The creators of this quirky TV series have now decided to expand their repertoire into an 88 minute long 3D movie and tell the story of a lone little ladybug and his adoption by a small army of black ants. The ants discover some sugar cubes at an abandoned picnic site and head home to their ant hill with their treasure and new found friend. Along the way they come under serious threat from some nasty looking red ants. The journey is fraught with danger and it culminates in an epic battle. A few adult themes and morals are thrown in throughout the film to show that good always prevails over evil and of course there is a dash of romance in true Hollywood style.
The story takes place in the French Alps and with the help of your 3D spectacles you feel as though you are at one with nature. The animation is fascinating as is the language that the insects speak. The music score was unfortunately lack lustre and repetitive - it needed a bit more of an ants in your pants kind of tempo!
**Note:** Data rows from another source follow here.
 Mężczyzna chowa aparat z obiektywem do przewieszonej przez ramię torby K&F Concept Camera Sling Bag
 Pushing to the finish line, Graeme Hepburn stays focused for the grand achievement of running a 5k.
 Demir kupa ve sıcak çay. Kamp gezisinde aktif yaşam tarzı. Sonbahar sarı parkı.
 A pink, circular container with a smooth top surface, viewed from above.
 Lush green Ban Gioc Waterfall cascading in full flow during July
Kids love all things animated and with the added impact of 3D they will have a big hoot watching Valley Of The Lost Ants. Sadly for those of us who are a bit older you may find 88 minutes just a tad too long to sit and watch silly insects trying to kill each other. I will be honest and say that I did catch myself snoozing during a few parts of the film - some scenes were just too drawn out to keep the adult viewer on the edge of their seat. The TV series of Minuscule is short, punchy, and has a dash of good old fashioned potty humour. Valley Of The Lost Ants sadly lacks enough of these elements to keep you compelled for the entire film.
I believe that the creators of Minuscule should continue with their original theme of minute movies. But in saying that, most family movies will always delight the children in our lives, so as adults maybe we just need to see the time we spend watching them as an opportunity to catch up on a few Z's?